(Records contained in a dataset)
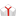 Yuniversal Podlaski Sp. z o.o.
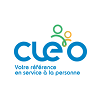 Auxiliaire de vie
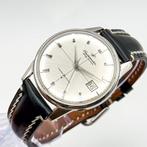 Seiko - Seikomatic Selfdater [Near-Mint]  (Shinseki) –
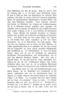 Baltische Monatsschrift [43] (1896) | 1128. (463) Haupttext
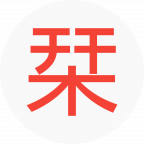 Shiori logo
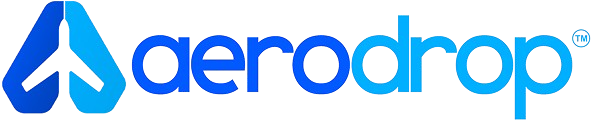 Aerodrop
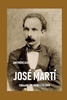 Afbeelding van José Martí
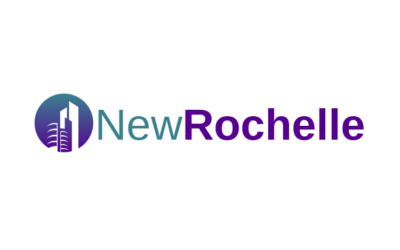 NewRochelle.com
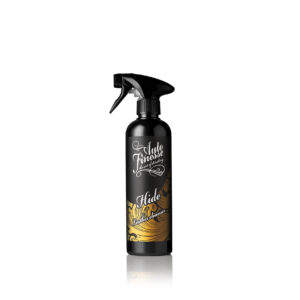 AUTO FINESSE HIDE LEATHER CLEANSER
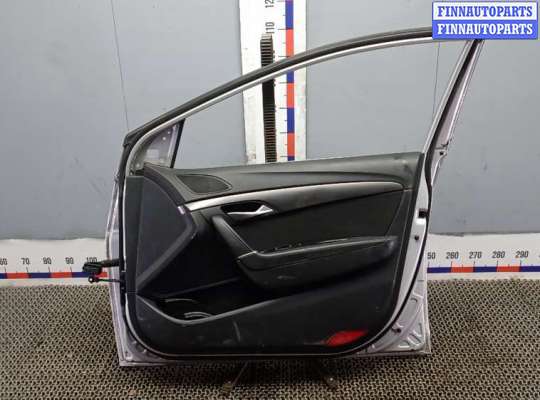 купить дверь передняя правая на HYUNDAI I40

Task brief >>
Please print exactly the lines from the line containing "Auxiliaire de vie" through the end of the records above, both included, leaving out every picture.

Solution >>
 Auxiliaire de vie
 Seiko - Seikomatic Selfdater [Near-Mint]  (Shinseki) –
 Baltische Monatsschrift [43] (1896) | 1128. (463) Haupttext
 Shiori logo
 Aerodrop
 Afbeelding van José Martí
 NewRochelle.com
 AUTO FINESSE HIDE LEATHER CLEANSER
 купить дверь передняя правая на HYUNDAI I40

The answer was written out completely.